For us, we are so locked into MS right now - the licensing fees are unbelievable. Servers, Cals, Office, Mail, etc cost us around 30K per year. In one recent example of price schemes - Office 97 and Pub 97 were separate packages (we didn't get Pub). For Office 2000 MS combined them and you got Pub for free. Office 2002 - they yank Pub back out (nice bait and switch!) and it costs an additional $5 per seat (5x1000+ pcs) We opted out and decided not be jerked around like that. We are a very technologically robust district with a computer at every teacher's desk and 1 to 5 computers in each classroom for student use, plus labs, libraries and tech ed rooms. In addition to the MS licensing, we have a huge investment in educational software and various databases to run the district. Our student pop is around 4000. Our anti-virus alone runs us 10K a year, plus firewall and citrix 10/10. There's more. I am stunned at how much we spend, versus starting with a meager 100K budget for everything, several years ago. We need our enterprise antivirus and firewall. We need our student information database and electronic libraries. But we were sucked into the MS spiral out-of-control licensing. We have invested years of training students and staff and administrators. It is very difficult to switch now. If I were starting fresh, I'd switch to free/open in a heartbeat.
Who do you call when commercial software breaks? Unless you're paying additional monthly or annual maintenance fees, chances are the vendor isn't going to want to talk to you.
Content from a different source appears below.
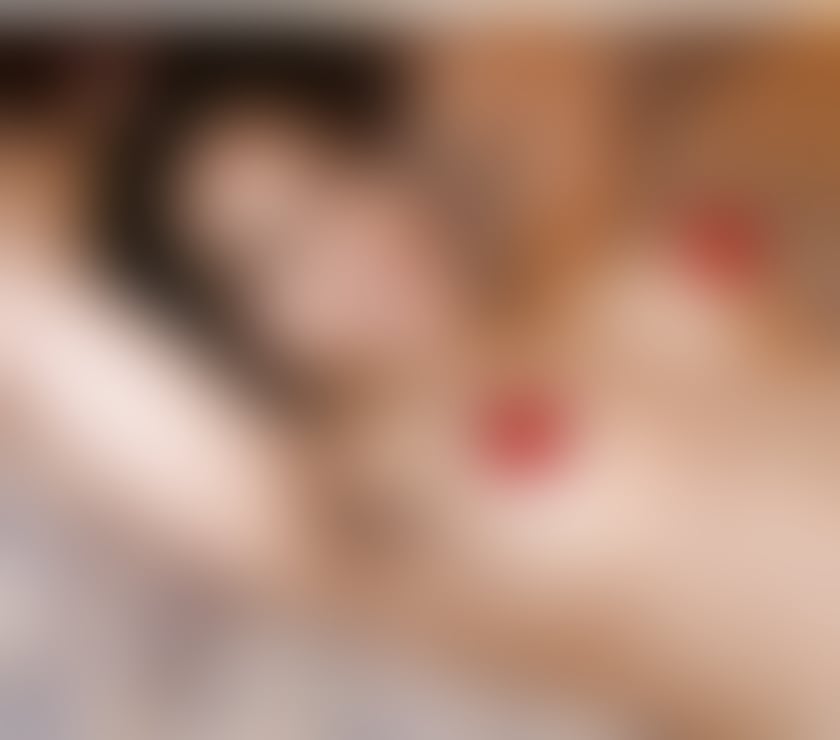Escort Smethwick Sandwell - Photos for ❤️Sweet and sexy girl ❤️Best service💯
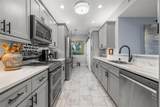 5 Island Park Place - Photo 10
Someone pointed out the third "free" is free as in market. With commercial software, only the vendor can support you. You pay their price or you get nothing. With free-as-in-speech software you get free-as-in-market software support: you can pay as much or as little as you'd like, for varying levels of support, and presumably varying levels of expertise.
--
E_NOSIG
The purpose of the general education system is to teach students to think and understand the world we live in. The point of school is not, and has never been, to train our youth to join the ranks of the working. That is the purpose of trade schools. If you teach a child how to learn then they will be able to tackle whatever work most interests them. Same goes for teaching programming languages in schools. Stop trying to teach Java to high school students; instead focus on something like pascal or better yet some kind of functional programming. These may not be used in the "real world" as much, but they sure do make you think.
.plan!! what plan?
Geek teacher hell, at my high school it was the geek students. They'd actually pay some students to help troubleshoot network problems and whatnot.
End of lesson. You may press the button.
How will someone be able to get a job when they lack such basic skills as using a Windows based machine.
Uh....look around you. All those people using Windows and Office now, 98% of them have never had any training whatsoever. Most of 'em can't even type, though significantly more of them can type than can, say, use fdisk or regedit. They don't know the first thing about how to actually run these programs. If they need to learn an unfamiliar program, they co-pilot it with an experienced user, who probably did the same thing to learn it themselves.
I spent 30 minutes setting up screensavers with a user yesterday. Part of it was fun, but the other part was helping her become a little more familiar with the UI.
I do think it would be nice if people got some training in Microsoft products. But then Microsoft changes everything aroudn with each major release. Look at the XP desktop compared to the 2000 desktop; they're so different. The taskbar behaves completely differently now, etc. etc. So even if they do learn it in school, that knowledge will be semi-useless in two or five years.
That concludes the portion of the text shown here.